* _Extracted entries_:
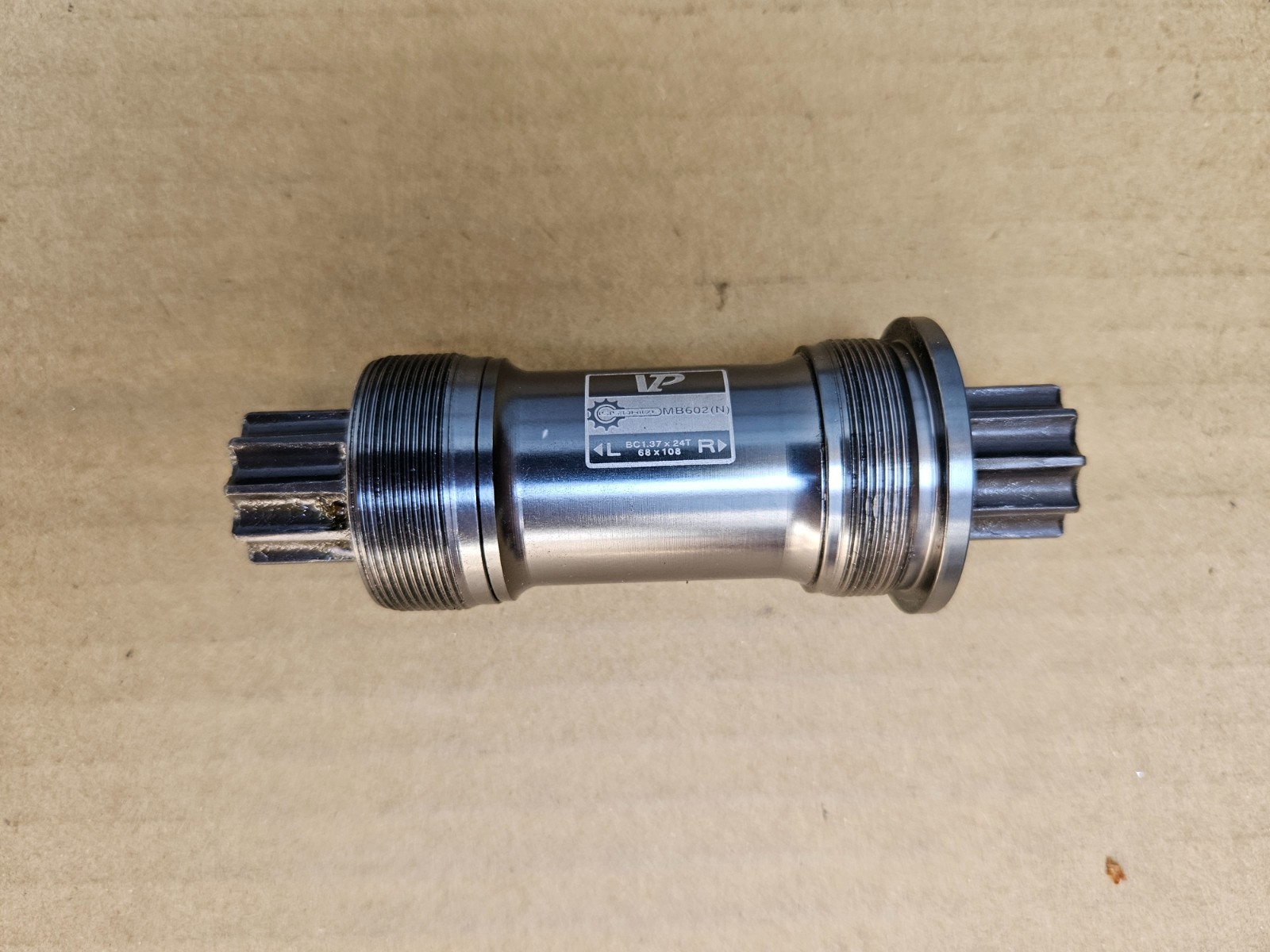 VP MB602 Bottom Bracket ISIS Spline 68mm x 108mm *slight play in bearing*
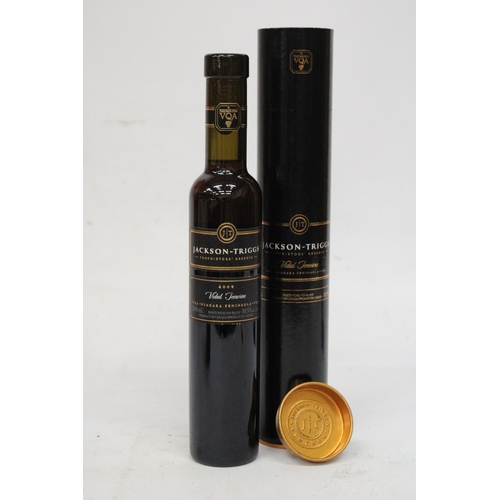 383 - A 70 CL BOTTLE OF BELLUCCI SUPERIORE AMARETTO TOGETHER WITH A 200 ML BOTTLE OF JACKSON-TRIGGS PROPRI... 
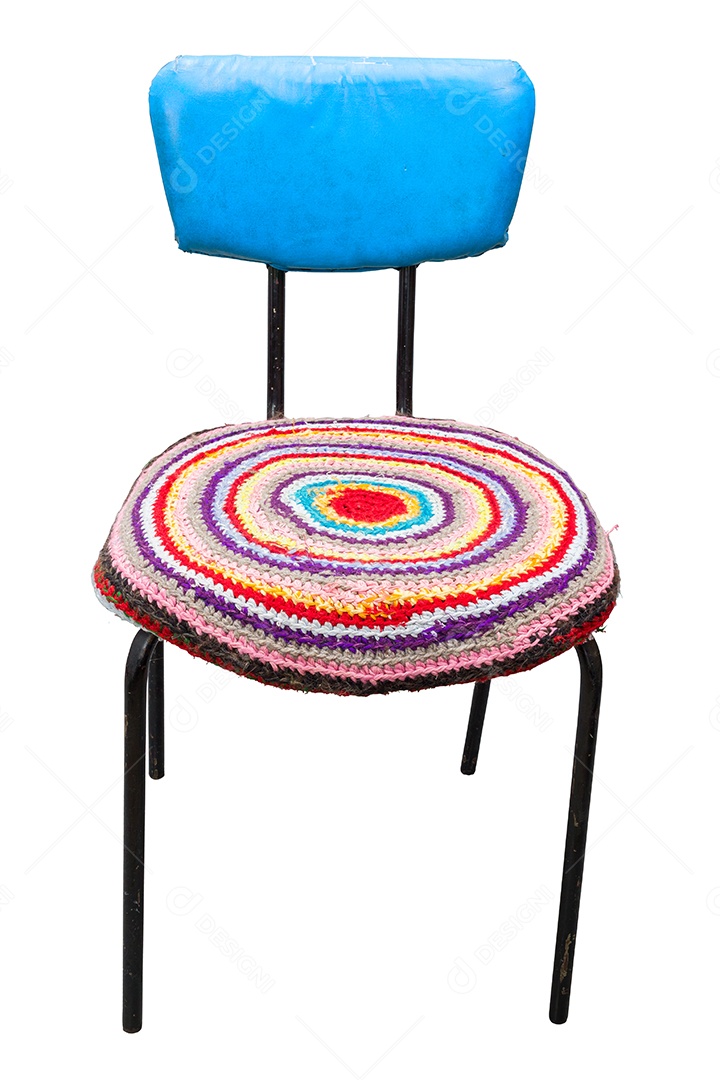 Velha cadeira de couro sintético azul isolada em fundo branco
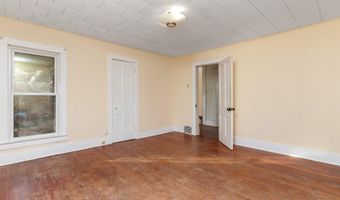 826 Duff Ave Ave, Ames, IA 50010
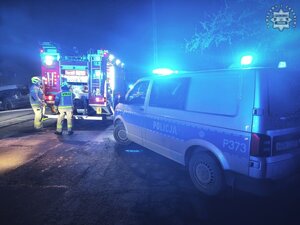 samochód straży pożarnej i policji podczas akcji gaśniczej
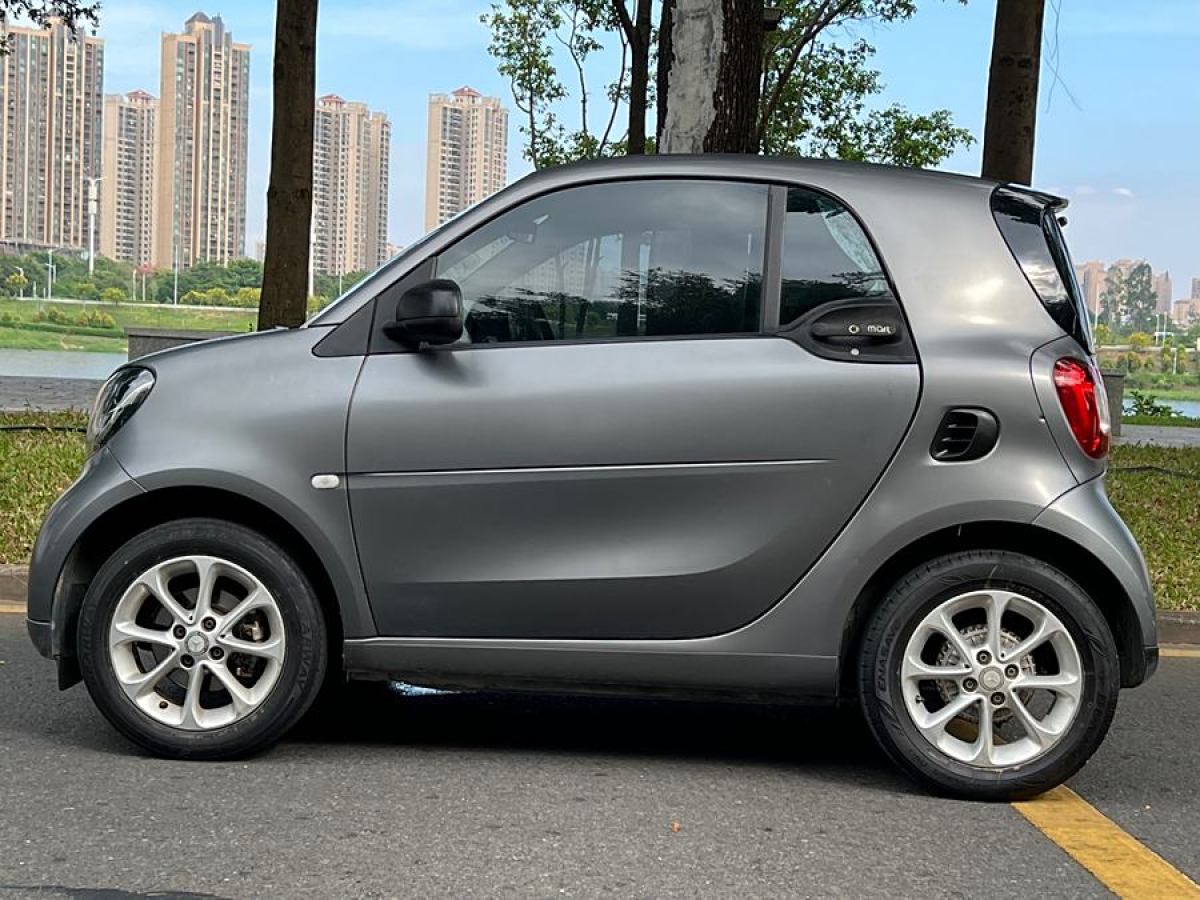 smart fortwo  2018款 1.0L 52千瓦硬頂靈動(dòng)版圖片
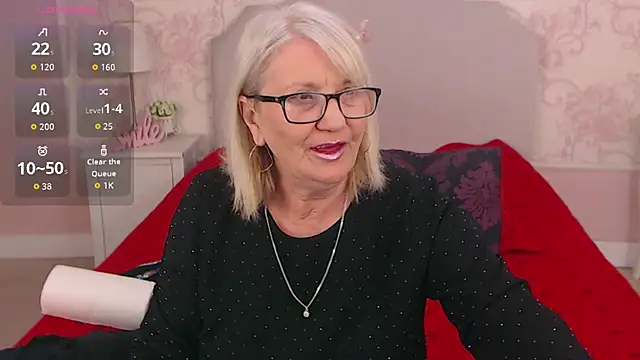 LadyAlana online show from May 6, 2026, 10:15 pm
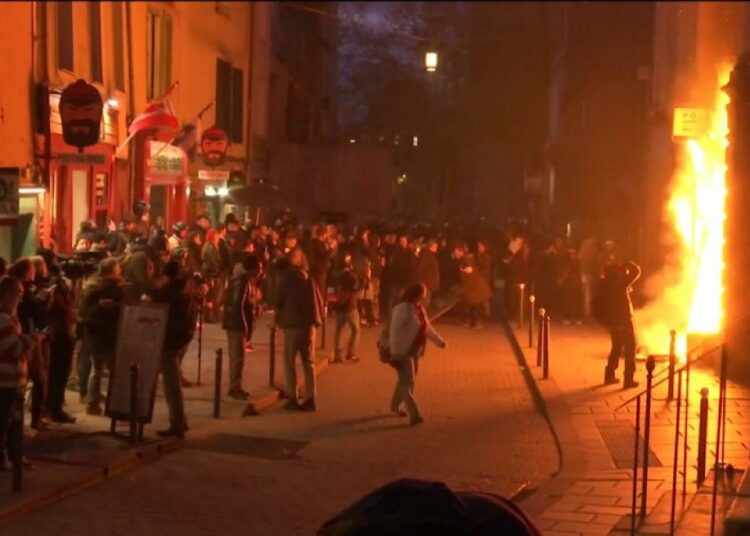 La detención de sindicalistas y disturbios agravan la crisis en Francia por la reforma de las pensiones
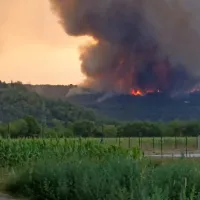 Požar se je nekoliko umiril, prebivalci Mirna so se lahko vrnili domov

* _Required work_: Write out exactly, and nothing more than, the lines of the entries above from the line containing "samochód straży pożarnej" through the final line; omit any pictures.

* _Exercise response_:
 samochód straży pożarnej i policji podczas akcji gaśniczej
 smart fortwo  2018款 1.0L 52千瓦硬頂靈動(dòng)版圖片
 LadyAlana online show from May 6, 2026, 10:15 pm
 La detención de sindicalistas y disturbios agravan la crisis en Francia por la reforma de las pensiones
 Požar se je nekoliko umiril, prebivalci Mirna so se lahko vrnili domov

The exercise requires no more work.